No início do ano, esse discurso de Putin novamente deu sinal de vida na forte reação do país contra a instalação de um escudo antimísseis norte-americano na Polônia, na época apenas em estudo. O acordo foi finalmente pré-firmado na última quinta-feira. Mais uma vez, o Kremlin reagiu duramente. Como "castigo" a Varsóvia, um general do alto escalão russo disse que a Polônia se tornou vulnerável a ataques nucleares.
Falar grosso é algo valorizado na Rússia. "Eles valorizam um governo forte, centralizador, e Putin é o nome forte desta era", diz o professor de História da Universidade Federal do Rio Grande do Norte (UFRGN), Jair Diniz Miguel.
Para o russo Alexander Zhebit, professor de Relações Internacionais da Universidade Federal do Rio de Janeiro, Putin e o atual presidente, Dmitri Medvedev, agiram em legítima defesa. "Não sei se há um grande plano por trás, mas como você reagiria se seus cidadãos estivessem sendo assassinados?", questiona, referindo-se ao fato de muitos sul-ossetianos possuírem passaporte russo.
Reação
A conseqüência da "marcação de presença" russa no Cáucaso foi drástica. No saldo ainda não oficial, 2 mil pessoas morreram e 100 mil foram deslocadas.
Politicamente, a repercussão é incerta. A maior potência militar do mundo, os Estados Unidos, teme que esta seja a ponta de um iceberg mais hostil do que se imaginava contra aliados da união de potências militares, a Organização do Tratado do Atlântico Norte (Otan).
O candidato republicano à Casa Branca, John McCain, defendeu uma resolução das Nações Unidas (ONU) condenando a Rússia mas, nesse caso, seria provável o veto da própria acusada, que é membro permanente do Conselho de Segurança da ONU.
O pior movimento seria expulsar a Rússia do G8 (grupo dos sete países mais ricos e a Rússia), escreveu o editor do jornal inglês The Independent, Adrian Hamilton. "O G8 é uma associação que objetiva melhorar o funcionamento da economia internacional. Nunca essa cooperação foi tão necessária." A principal carta na manga russa, que poderia afastar qualquer retaliação mais séria, são suas reservas de gás e petróleo, que abastecem boa parte da Europa.

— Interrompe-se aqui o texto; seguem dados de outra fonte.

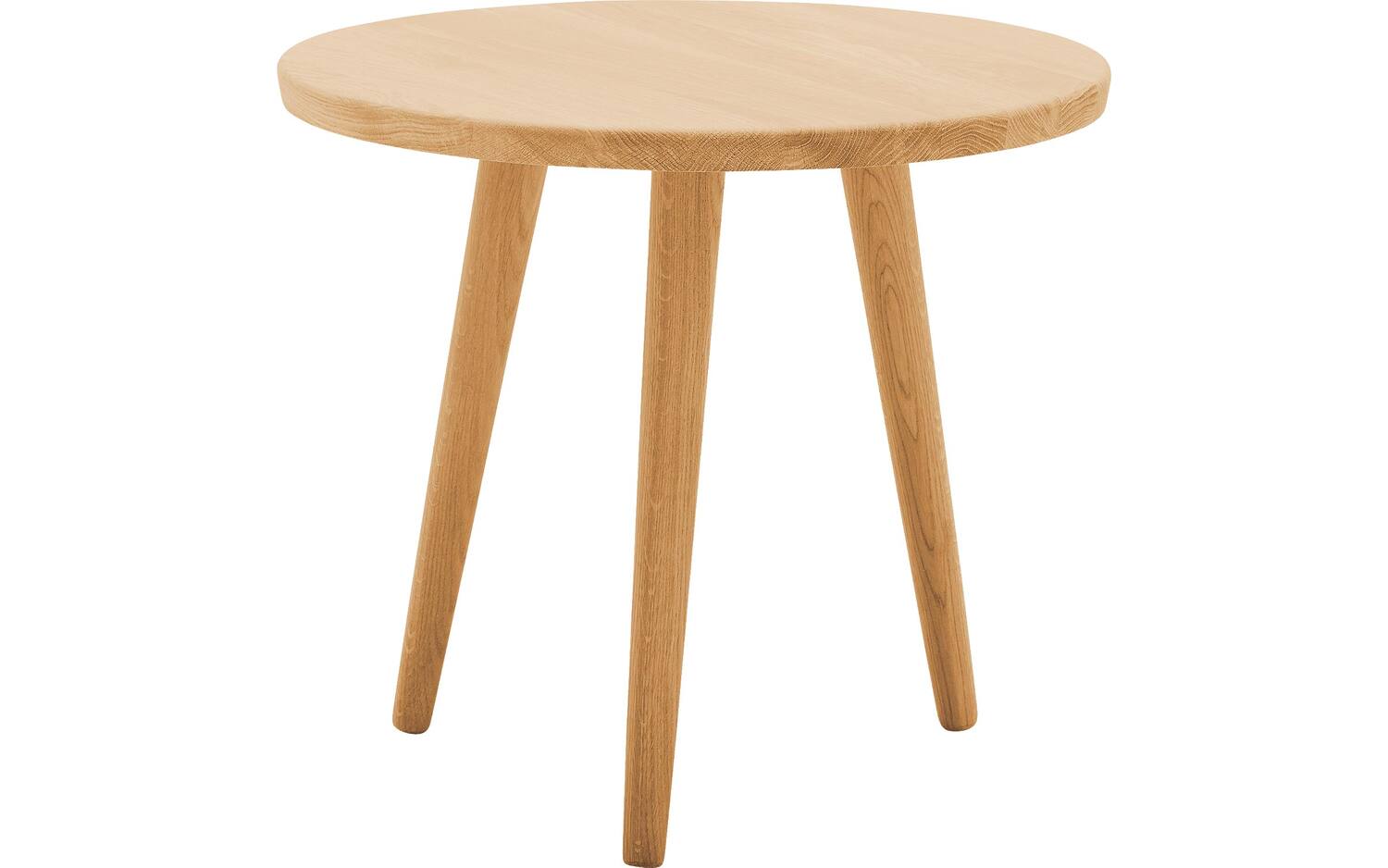 Goossens Hoektafel Bjarte, hout eiken blank, stijlvol landelijk, 50 x 45 x 50 cm - 8718823177596
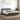 Boxspring met matras en LED stof donkerbruin 180x200 cm
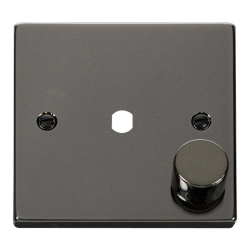 VPBN140PL Deco VPBN 1 GANG DOUBLE DIMMER PLATE & K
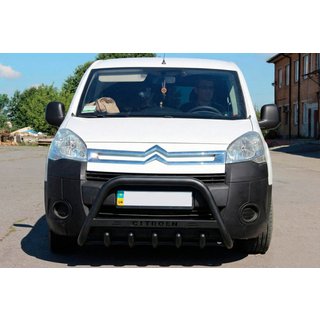 Sprednji zaščitni lok WT004 Black (nerjavno jeklo) Citroen Berlingo 2008–2018 fotografija 2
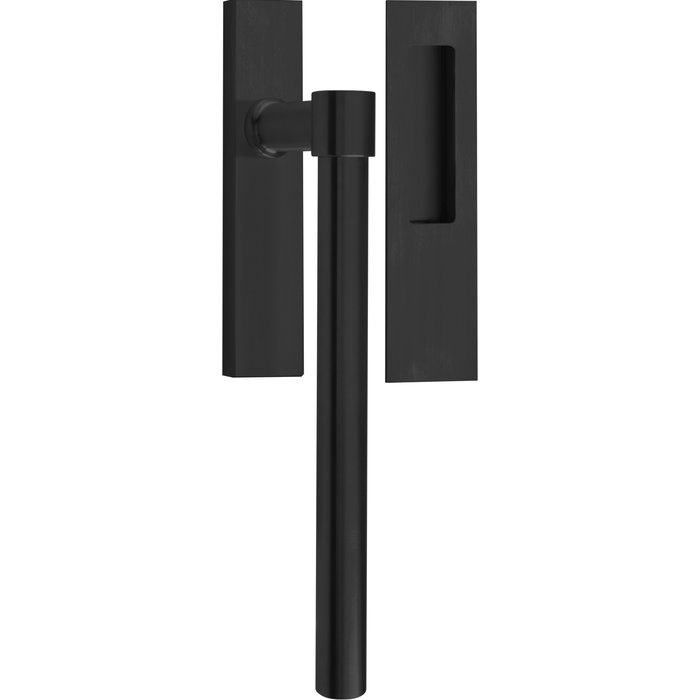 Formani Matt black PVD lift and slide handle Piet Boon PB230 with sliding door handle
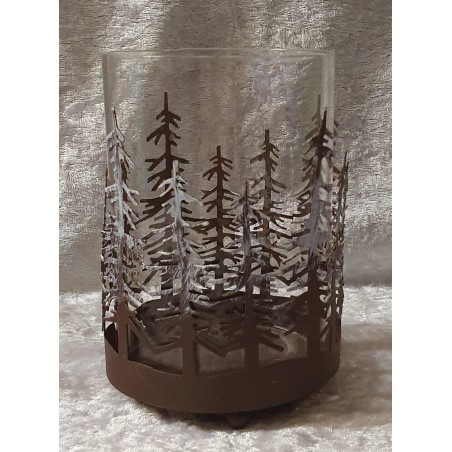 Teelicht Glas Wald/Hirsch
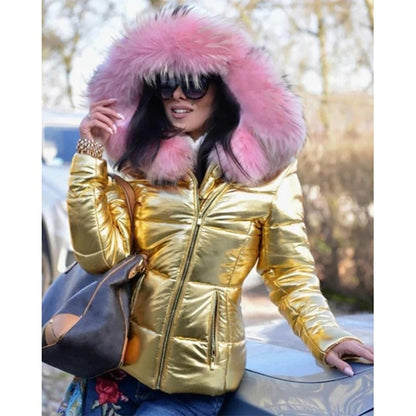 Eulalia | Trendy Gewatteerde Winterjas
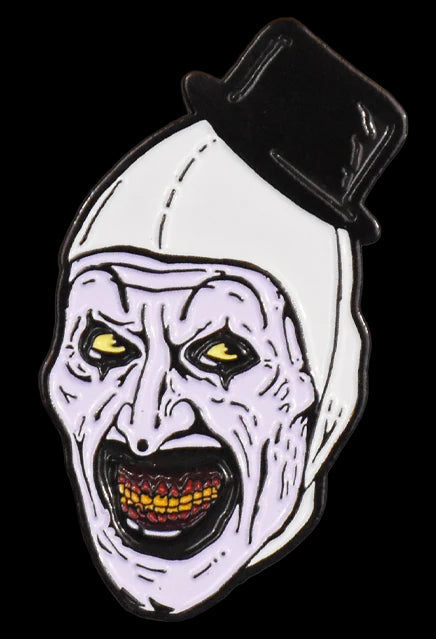 Terrifier Art The Clown Enamel Pin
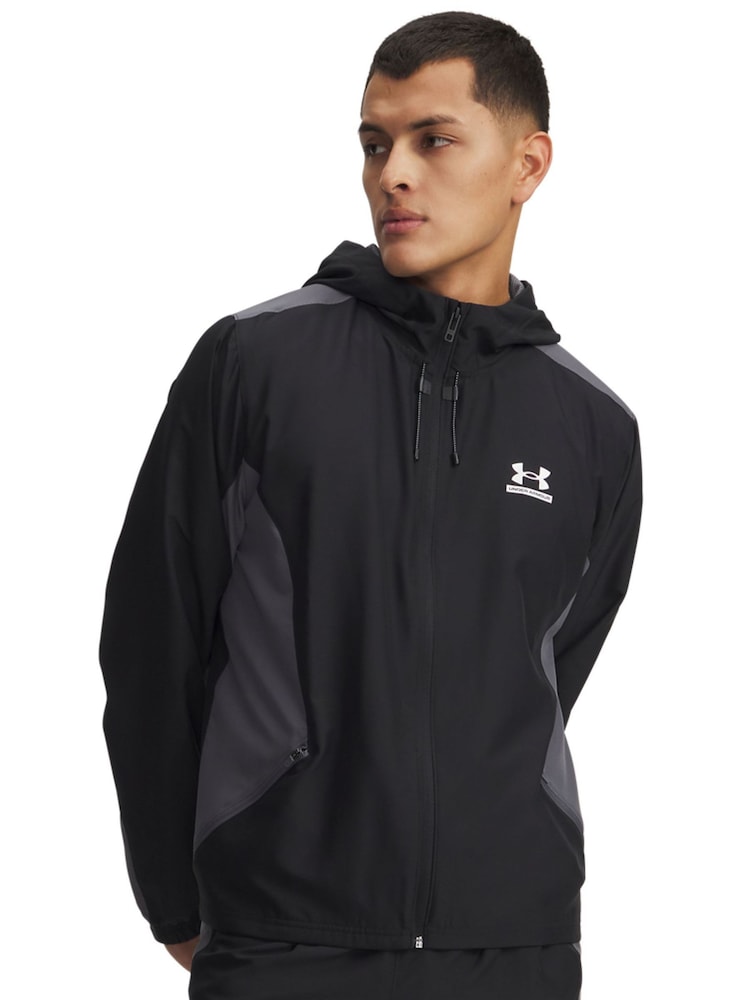 Under Armour Black/Grey Tech Sport Woven Jacket - Image 1 of 3 Under Armour Black/Grey Tech Sport Woven Jacket - Image 1 of 3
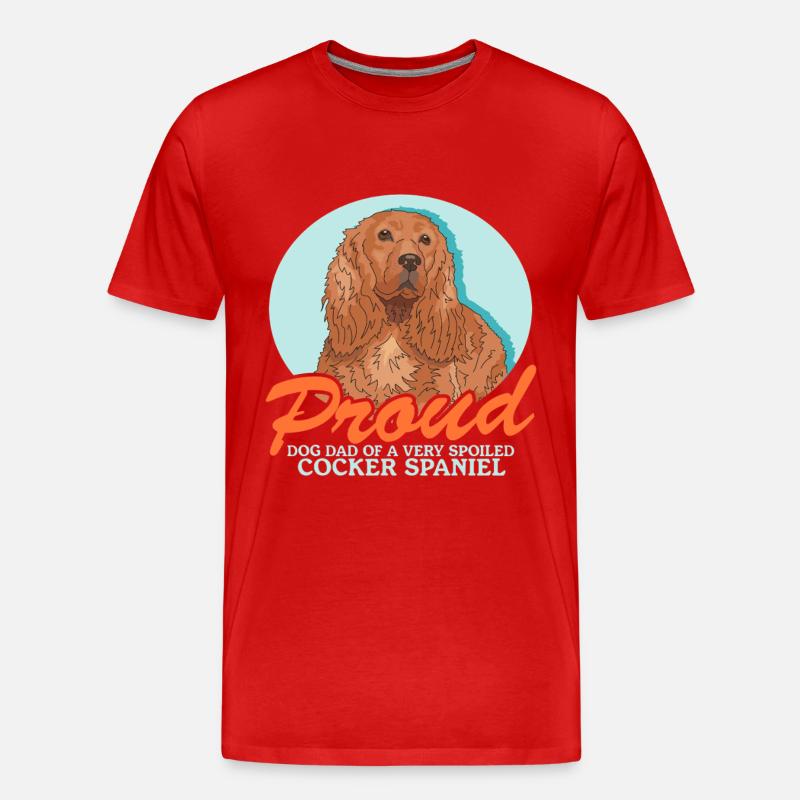 Cocker Spaniel Dad Cockerspaniels Geschenk - Männer Premium Bio T-Shirt - undefined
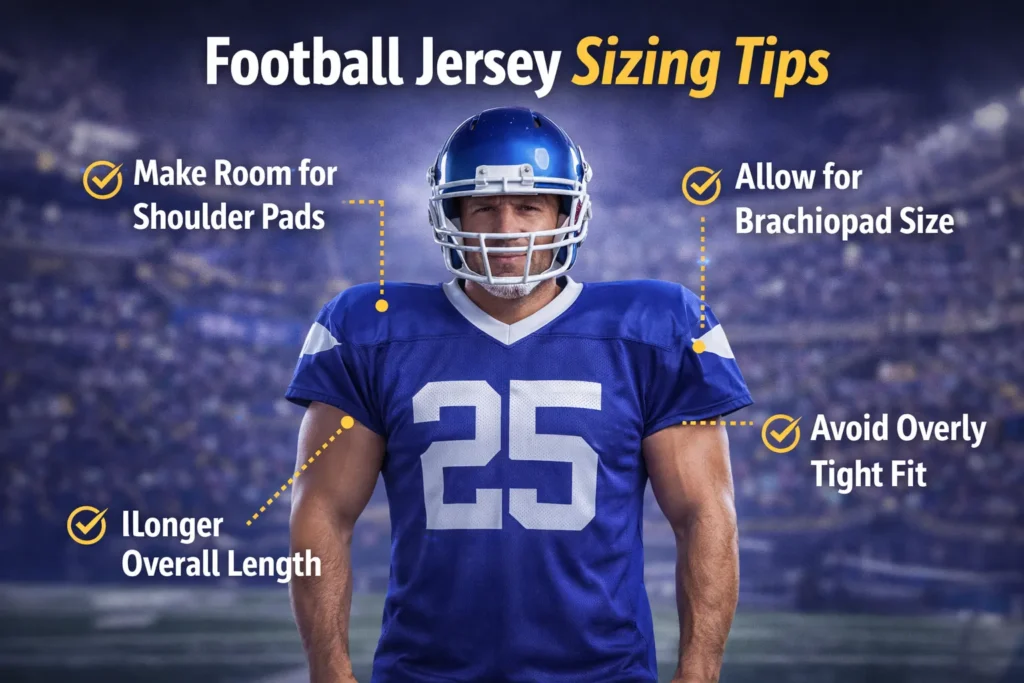 Football Jersey Sizing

Outra passa pela campo militar. "A Rússia é uma potência nuclear e tem seus mísseis apontados para a Europa", diz o professor Diniz Miguel.
Quem tem mais a temer, na opinião do professor do Instituto de Ciências Políticas da Universidade de Brasília (UNB), Paulo César Nascimento, são as demais ex-repúblicas soviéticas. Algumas delas, como a Ucrânia, já foram alvo de retaliações no passado. "O país pode ver surgirem tensões separatistas na Criméia ou sofrer com a falta de gás no inverno", diz.